Once the models are put into production, monitoring the performance against new incoming data, and taking care of any drift in performance is equally important. In real time, looking into the generated scores onscreen and log files to make efficient decisions is quite tedious. However, some tools helped us monitor the health of our cluster and containerized applications with logs, metrics, and triggers on custom-built dashboards. These topics are studied using two popular open-source tools, Kibana and Grafana, and this subject forms part two of this article.
Use case: Lane detection
The requirement in our project was to have a lane detection model on which we could research the principles of MLOps. A lane detection algorithm tries to identify the yellow and white lane markings on the road, thereby assisting the driver in steering, and in providing autonomous driving. For this task, firstly, we explored various open-source datasets such as Caltech, BDD100K, CULane, TuSimple Lane, KITTI. Of all the datasets explored, BDD100K has one of the largest driving datasets with annotations. It has image frames captured in variable weather conditions and is useful for a wide range of computer vision problems.
As our project’s main goal wasn’t to develop a lane detection model as such, we started to look for open-source models that we could use in our research. From the models explored on the BDDK dataset, the Hybridnets model developed by Dat Vu and others, was most suitable for our task in terms of performance. The Hybridnets model has multiple objectives such as traffic object detection, drivable area segmentation and lane line detection. The model output was modified to serve only lane line identification.
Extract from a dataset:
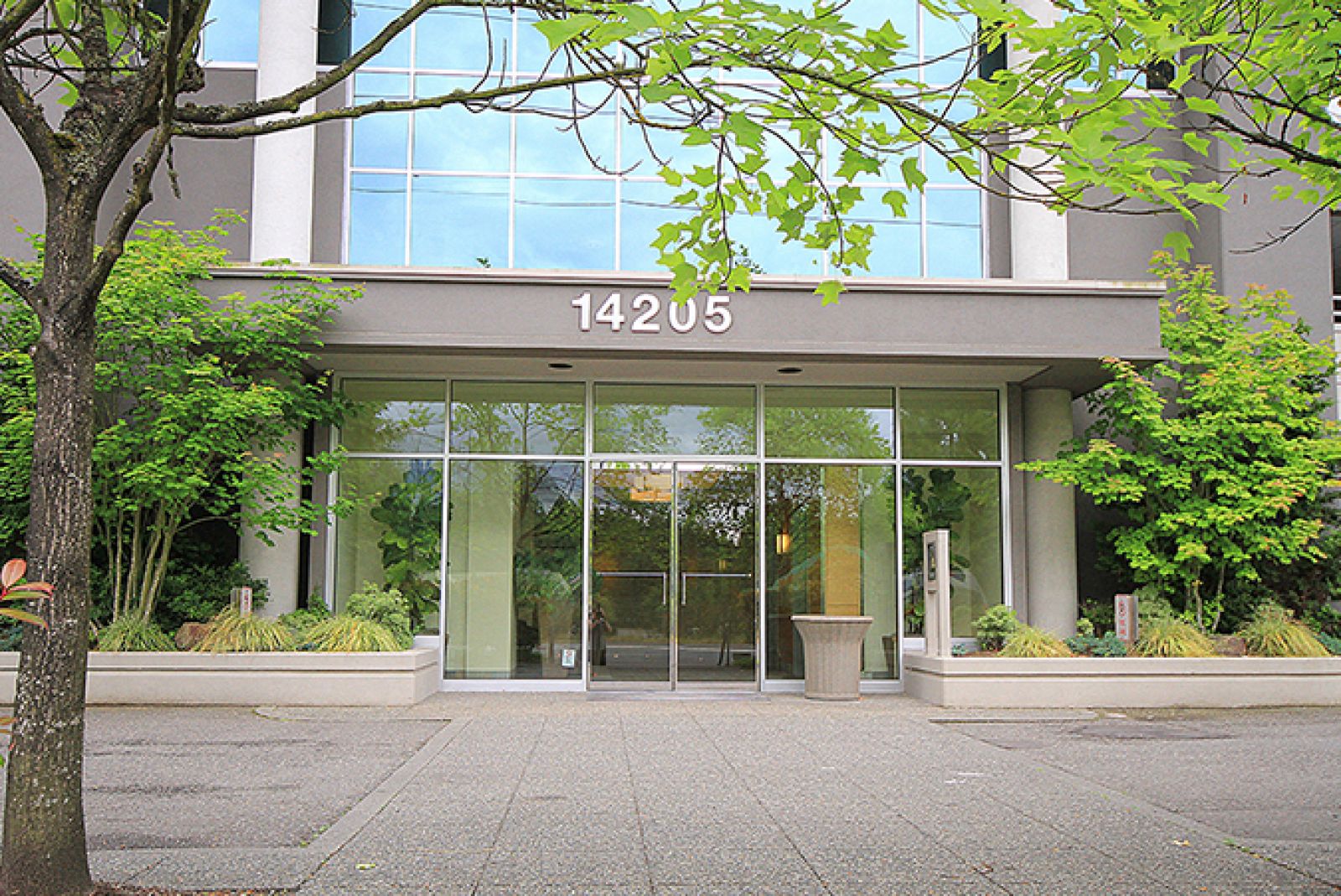 Premier workspaces - Eastside Office Center / North America / United States / Washington / Bellevue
Some of the metrics that were custom calculated were Intersection over Union (IoU) score, Accuracy, Precision, Recall and Inference time. The scores of these metrics were taken into consideration to evaluate the performance of the model.
MLOps
MLOps is a set of practices that aim to get the development of ML models faster into production. A MLOps cycle consists of various stages belonging to machine learning activities followed by operations from software engineering. For example, a MLOps cycle could include data preparation, feature engineering, model training and evaluation on the machine learning part while the packaging of model, deployment, and monitoring on the operations part. Therefore, it is usual to see data scientists and DevOps engineers working together in collaborative projects.
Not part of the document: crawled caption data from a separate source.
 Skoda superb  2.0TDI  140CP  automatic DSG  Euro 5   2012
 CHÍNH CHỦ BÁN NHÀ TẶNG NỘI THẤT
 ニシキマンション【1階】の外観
The advantage of using MLOps principles is that it facilitates continuous Integration (CI) of the development code, continuous delivery (CD) into production as well as continuous testing (CT). Unlike the stages in DevOps which involve only CI and CD, the CT stage is equally important in the MLOps lifecycle because the performance of the model also deteriorates over time.
Understanding MLOps vs DevOps [Image Source]
MLOps on Azure
The figure below depicts the architecture of the MLOps framework provided by Microsoft. It includes all three stages of continuous integration (CI), continuous delivery (CD) and continuous training (CT). These pipelines include the activities carried out by DevOps engineers and data scientists. For example, in a project the DevOps engineer could provision the workspace for machine learning tasks and help in model deployment and monitoring postproduction. Data scientists would carry out the tasks of feature engineering, model training and evaluation, etc.
Architecture of the MLOps framework in Azure [Image by Microsoft in Source]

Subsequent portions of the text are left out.